# Information supplied

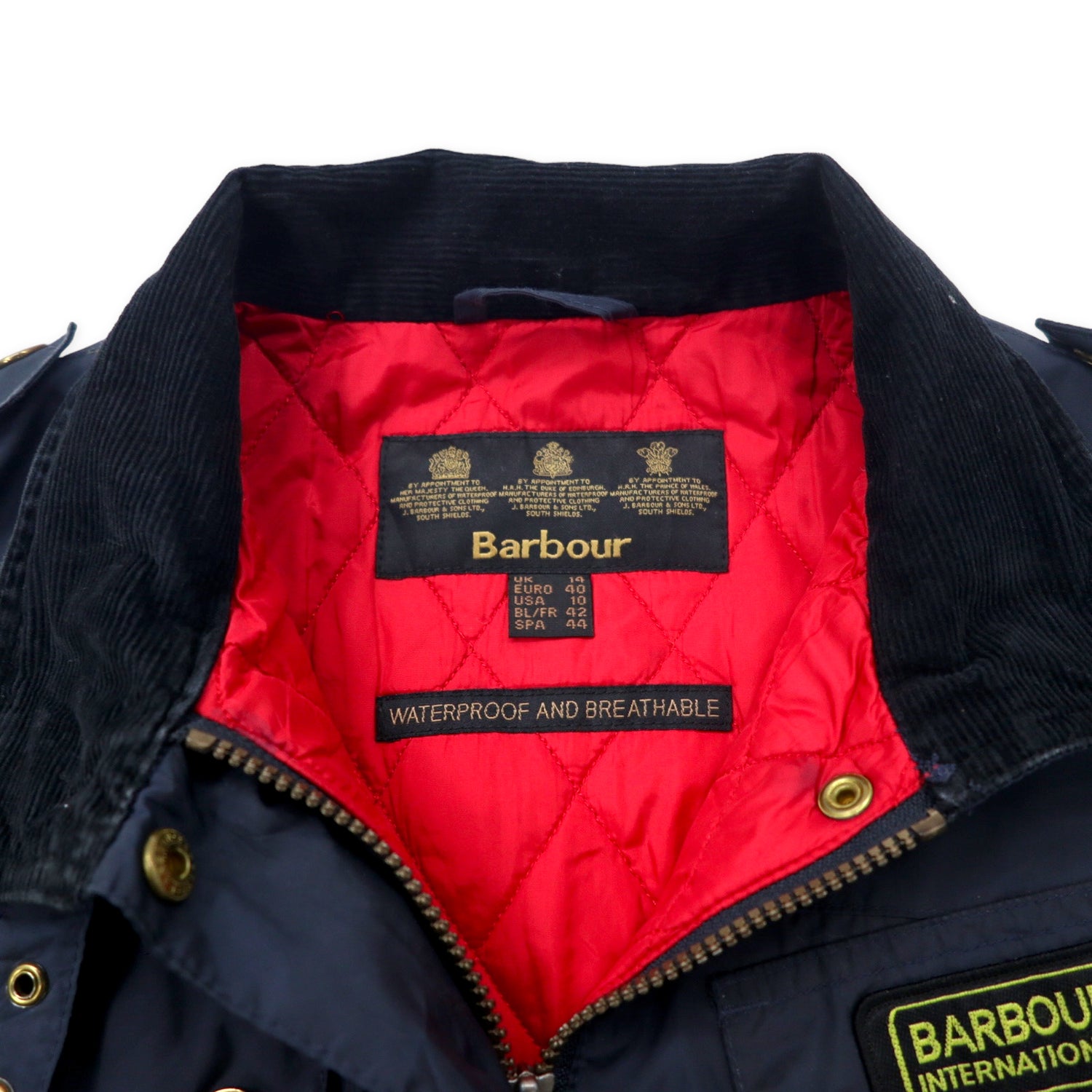 BARBOUR International Jacket 40 Navy Polyester Quilted Liner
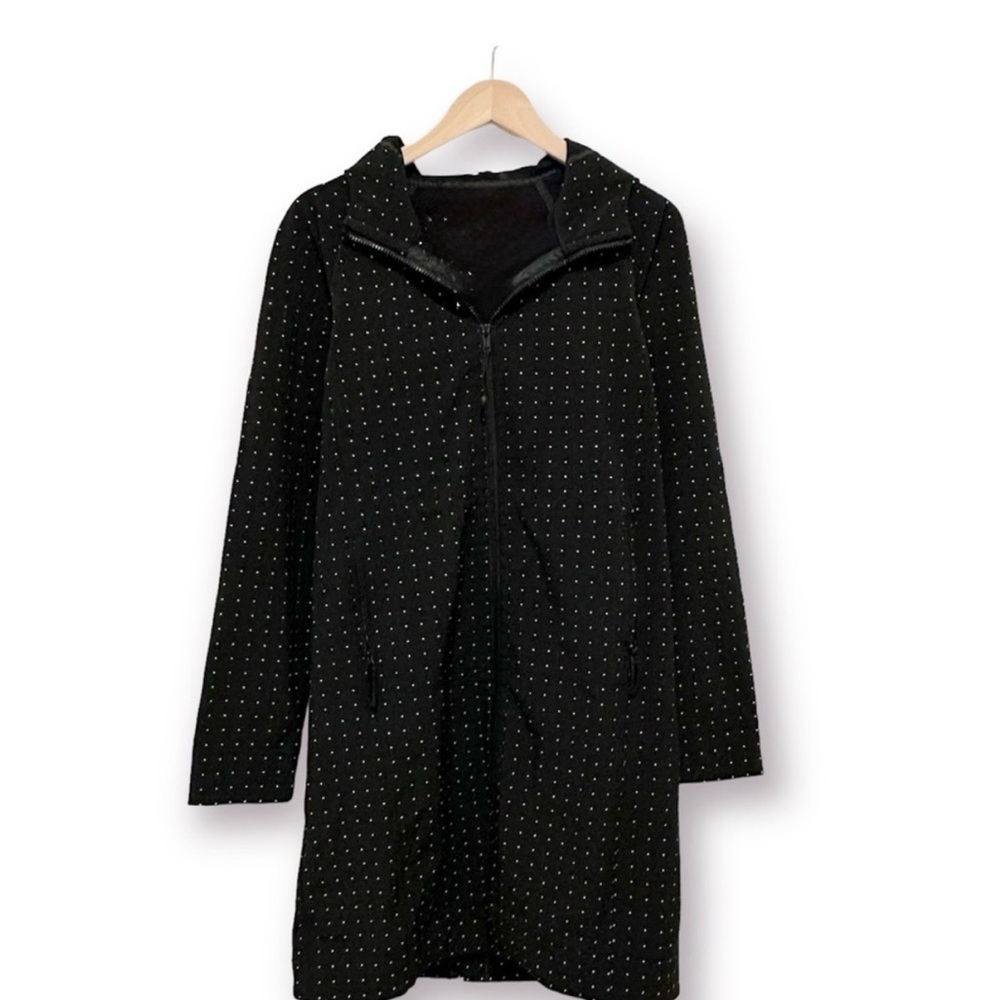 Lululemon Après Yoga Black Polka Dot Jacket Sz 6 or 8
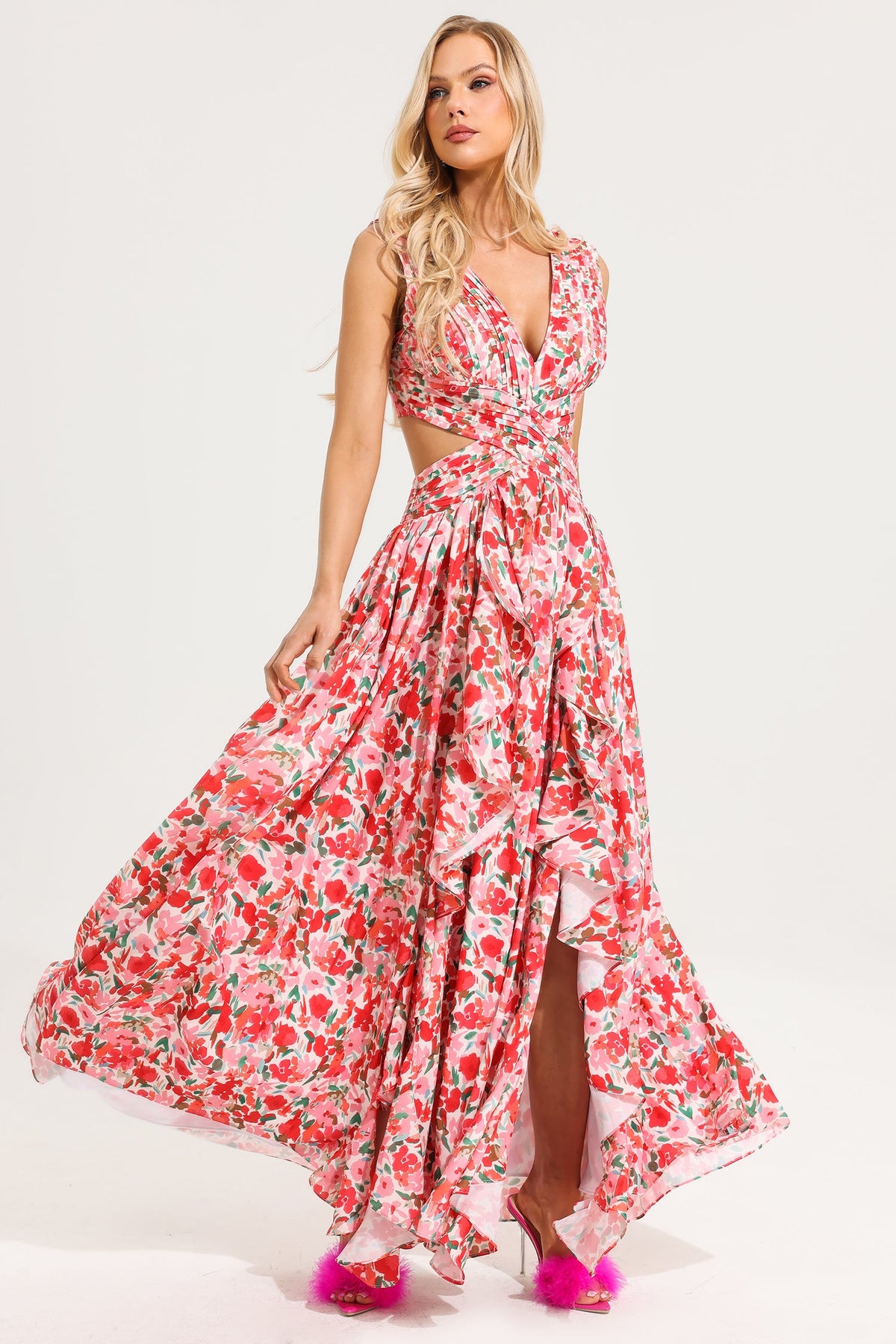 V-Neck Sleeveless Floral Frill Maxi Dress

# Activity
What the task needs is the material above repeated exactly, pictures excepted.

# Output
 BARBOUR International Jacket 40 Navy Polyester Quilted Liner
 Lululemon Après Yoga Black Polka Dot Jacket Sz 6 or 8
 V-Neck Sleeveless Floral Frill Maxi Dress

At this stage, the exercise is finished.